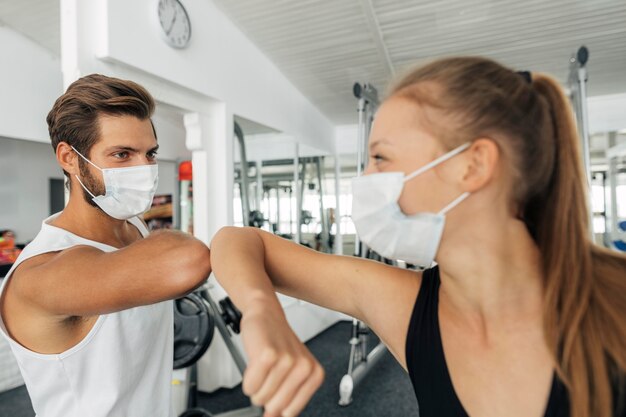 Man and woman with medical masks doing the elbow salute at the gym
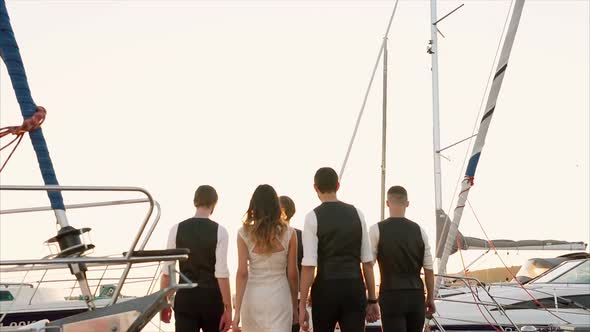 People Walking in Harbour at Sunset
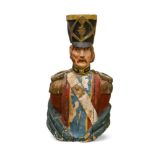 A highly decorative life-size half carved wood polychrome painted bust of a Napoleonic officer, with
...
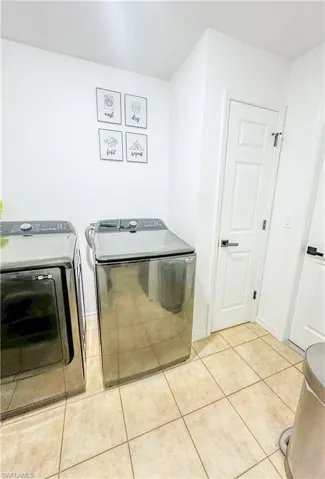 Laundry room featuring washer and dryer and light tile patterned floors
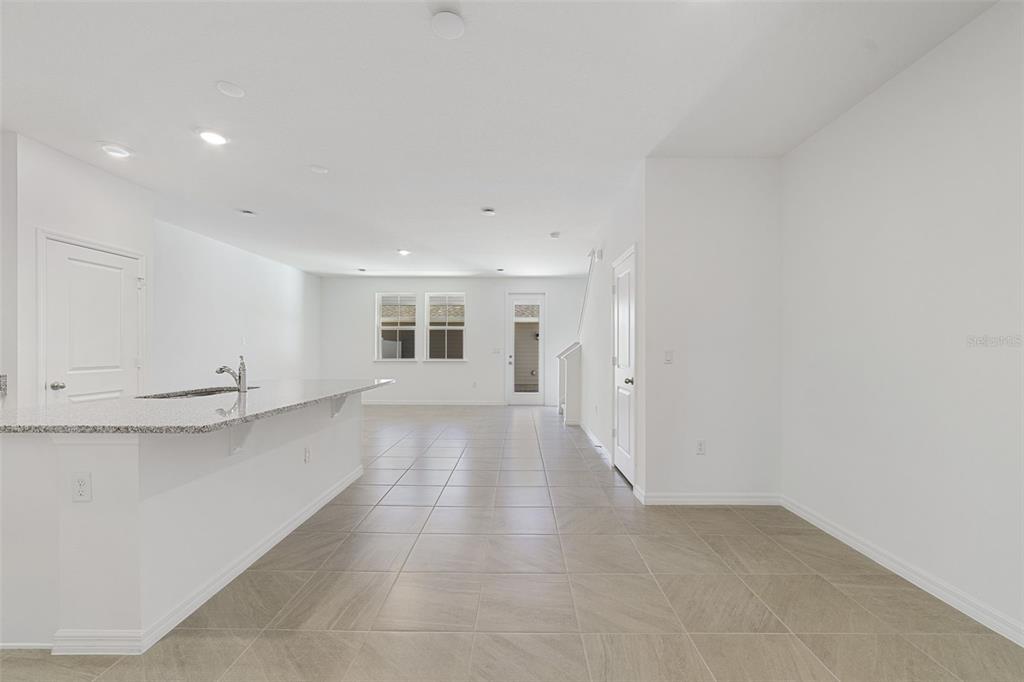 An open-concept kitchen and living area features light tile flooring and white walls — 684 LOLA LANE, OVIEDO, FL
--
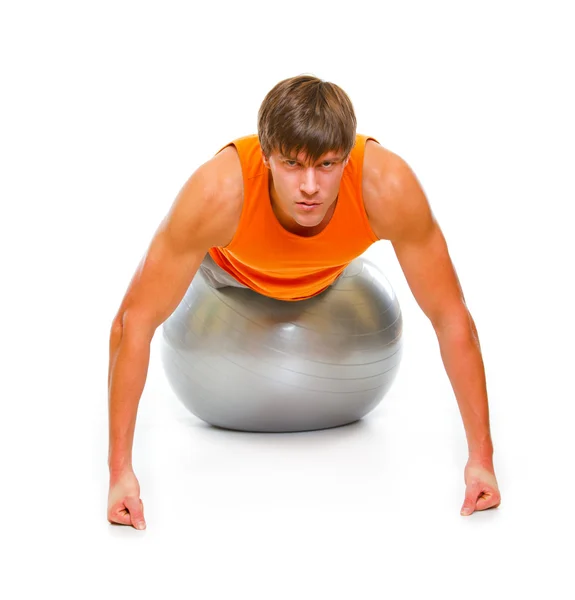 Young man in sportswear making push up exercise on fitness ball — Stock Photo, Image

▶ **Task to carry out**
In the entries above, find the line containing "People Walking in Harbour at Sunset" and the line containing "A highly decorative"; give again exactly those two lines and every line between them, minus the pictures.

▶ **Finished task**
 People Walking in Harbour at Sunset
 A highly decorative life-size half carved wood polychrome painted bust of a Napoleonic officer, with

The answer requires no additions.